For optimization, task_lock() is additionally used to protect
task->cgroups.  The optimization is pretty dubious as either
css_set_rwsem is grabbed anyway or PF_EXITING already protects
task->cgroups.  It adds only overhead and confusion at this point.
Let's drop task_[un]lock() and update comments accordingly.

Signed-off-by: Tejun Heo <tj-DgEjT+Ai2ygdnm+yROfE0A@public.gmane.org>
---
 include/linux/cgroup.h |  6 ++--
 kernel/cgroup.c        | 97 +++++++++++++-------------------------------------
 2 files changed, 28 insertions(+), 75 deletions(-)

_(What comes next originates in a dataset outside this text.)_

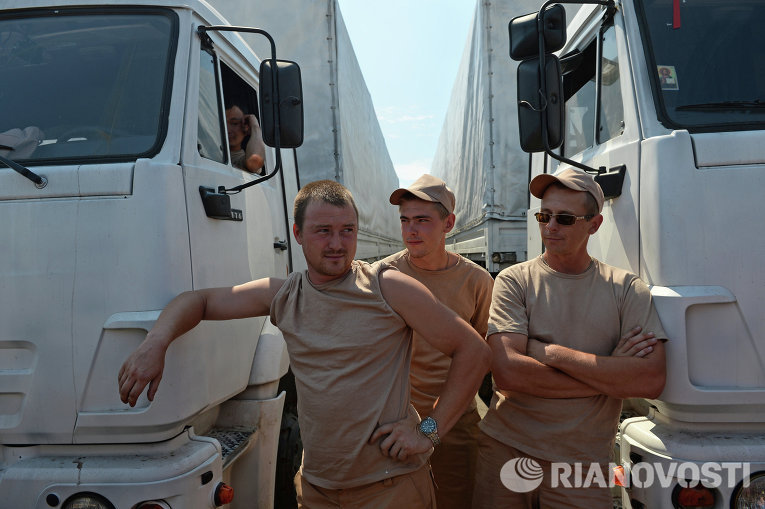 Водители КамАЗов из колонны с гуманитарной помощью из РФ для Украины Водители КамАЗов из колонны с гуманитарной помощью из РФ для Украины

diff --git a/include/linux/cgroup.h b/include/linux/cgroup.h
index 366a2cc..588cc9a 100644
--- a/include/linux/cgroup.h
+++ b/include/linux/cgroup.h
@@ -650,10 +650,12 @@ struct cgroup_subsys_state *css_parent(struct cgroup_subsys_state *css)
  */
 #ifdef CONFIG_PROVE_RCU
 extern struct mutex cgroup_mutex;
+extern struct rw_semaphore css_set_rwsem;
 #define task_css_set_check(task, __c)					\
 	rcu_dereference_check((task)->cgroups,				\
-		lockdep_is_held(&(task)->alloc_lock) ||			\
-		lockdep_is_held(&cgroup_mutex) || (__c))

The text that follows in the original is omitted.